Cautions When Cleaning Your Filter
- Never leave an open septic tank unattended – serious injury or death could occur if someone falls in.
- Wear proper protective garments to avoid contact with sewage.
- Take care when spraying the filter – avoid splashing sewage on yourself or possessions.
- Disinfect any exposed skin or materials that contact sewage.
- Keep children and pets away during cleaning.
Tips for Cleaning Specific Filter Types
Laundry Filter Cartridge
- Grasp white handle firmly and lift slowly upwards.
- Hose off outer screen cage until water runs clear.
- Rotate to rinse inner fabric filter until debris removed.
- Grab the cap handle and lift upwards.
- Swish the filter in a bucket of water to dislodge solids.
- Spray down with hose over tank opening.
- Lift upwards from molded handles at base.
- Power wash jacket and each disc separately.
- Inspect and clear any orifice debris.
Polylok Zabel Filter
- Unscrew the threaded cover counter-clockwise.
- Slide out cylindrical filter and hose rinse.
- Inspect inner components and hose if needed.
- Lift top handle slowly to avoid damage.
- Rotate and spray off fixed media cartridge.
- Inspect inner screen for debris.
Signs Your Filter Needs Cleaning
Be sure to clean your septic tank filter if you notice any of the following:
- Slow drains or water backing up into the tank.
- Standing water or sewage odors around tank or drain field.

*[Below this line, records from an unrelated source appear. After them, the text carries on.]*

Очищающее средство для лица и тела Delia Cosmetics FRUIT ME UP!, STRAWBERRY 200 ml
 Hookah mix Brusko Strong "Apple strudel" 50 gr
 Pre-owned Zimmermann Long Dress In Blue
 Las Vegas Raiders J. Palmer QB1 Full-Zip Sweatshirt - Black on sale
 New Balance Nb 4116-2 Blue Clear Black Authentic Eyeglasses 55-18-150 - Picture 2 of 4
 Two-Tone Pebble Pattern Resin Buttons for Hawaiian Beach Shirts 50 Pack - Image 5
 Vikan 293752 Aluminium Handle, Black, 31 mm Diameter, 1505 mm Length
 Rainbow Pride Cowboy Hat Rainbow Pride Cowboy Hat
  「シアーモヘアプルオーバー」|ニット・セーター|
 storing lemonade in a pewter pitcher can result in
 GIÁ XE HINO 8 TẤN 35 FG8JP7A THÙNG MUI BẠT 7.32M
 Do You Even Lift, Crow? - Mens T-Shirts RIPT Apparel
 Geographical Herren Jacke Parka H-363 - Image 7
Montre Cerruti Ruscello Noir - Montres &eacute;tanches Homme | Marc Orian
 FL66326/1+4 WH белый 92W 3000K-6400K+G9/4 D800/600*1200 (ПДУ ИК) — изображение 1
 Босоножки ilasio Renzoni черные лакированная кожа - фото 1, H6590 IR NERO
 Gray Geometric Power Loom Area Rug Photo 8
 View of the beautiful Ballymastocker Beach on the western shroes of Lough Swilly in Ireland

- Recent disruption of the filter such as tank pumping.
- Routine scheduled maintenance due.
- Filter alarm sounding (if present).
How Often Should You Clean the Filter?
Most septic professionals recommend cleaning your filter:
- At least once annually.
- When having the tank pumped.
- If signs of poor drainage or clogging arise.
- Per any maintenance instructions from the manufacturer.
Some filters may require cleaning every 6 months depending on usage and type. Get in the habit of regular filter checks and cleanings.
Extending Filter Life
You can help a filter last longer between cleanings:
- Use a filter effluent screen to catch extra solids.
- Avoid flushing grease, wipes, feminine products, and other solids.
- Have your tank pumped when needed to reduce sludge buildup.
- Limit use of a garbage disposal.
- Install risers for easier access.
- Use enzyme additives to break down sludge.
When to Replace Your Filter
Septic tank filters can last 5-10 years or more when maintained properly. But watch for signs of wearing out:
- Inability to fully remove clogging after cleaning
- Cracks, decay, or other damage in the cartridge
- Frequent clogs or alarms despite regular cleaning
- Old filters that have outlived their lifespan
Replacement filters cost $50-$250 and are an easy DIY install. Be sure to get the proper style and size for your existing filter housing.
Keeping your septic tank filter clean is one of the best ways to protect your drain field and extend the life of your septic system. Follow this simple cleaning process annually or whenever needed.